The number of visa applications for work and study in the UK dropped by nearly 400,000 following the implementation of new restrictions aimed at reducing legal migration.
Provisional figures from the Home Office reveal that 547,000 applications were submitted between April and December 2024, compared to 942,500 during the same period in 2023. This represents a decrease of 395,100, or 42%, largely due to significant reductions in applications from international students and foreign care workers.
The restrictions, introduced by the former Conservative government between January and April of last year, were part of an effort to address the record high levels of legal migration. Measures included banning overseas care workers from bringing family dependents and raising the salary threshold for skilled workers to £38,700. The goal was to reduce the annual number of arrivals by 300,000.
Other reforms meant overseas students were stopped from bringing their family with them to the UK and made it harder for Britons earning under the national average to bring over foreign spouses.
The policy changes prompted warnings that universities and the care industry could struggle to cope with the consequences.

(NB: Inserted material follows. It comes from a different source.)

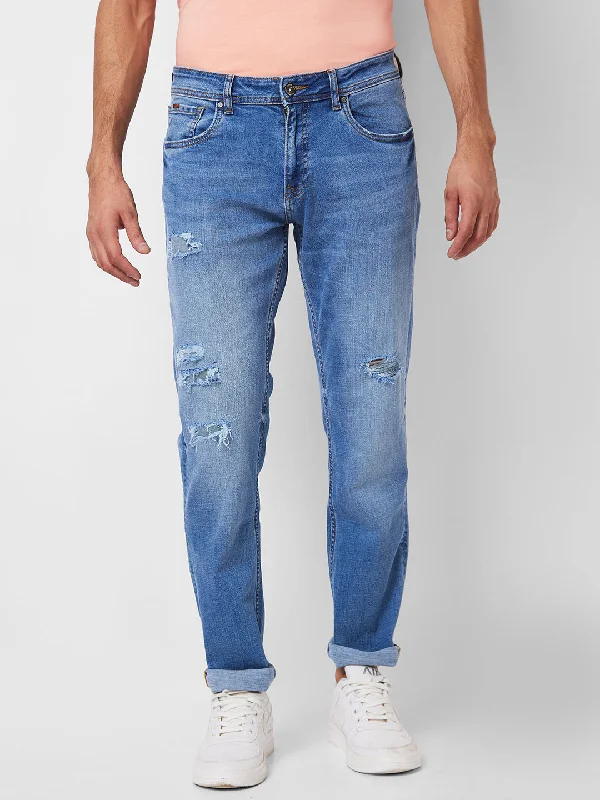 Spykar Mid Rise Regular Fit Blue Jeans For Men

The overall drop of 42% in visa requests for main applicants and dependants masks big differences in the size of the fall across the different categories of immigration papers available, according to PA news agency analysis of the latest figures published on Thursday.
Applications to come to the UK on a health and care worker visa fell by a much steeper figure of 79%, from 299,800 in April to December 2023 compared with 63,800 in the same period in 2024.
The social care sector previously hit out at the potential ramifications of the dependants ban, branding it “brutal” and blaming the policy for cutting a “lifeline of overseas staff”.
There was a 29% drop in sponsored study visa numbers, down from 546,100 in the nine months from April to December 2023, compared with 389,800 in the equivalent period last year.
Universities have warned of significant financial concerns as a result of frozen domestic tuition fees and a decline in overseas students following the policy changes.
By contrast, there was a much smaller drop of just 3% for main applicants and dependants applying for skilled worker visas, from 96,600 in April to December 2023 to 93,800 last year.
But this is higher than the number recorded in the equivalent nine-month period in 2022 (92,300).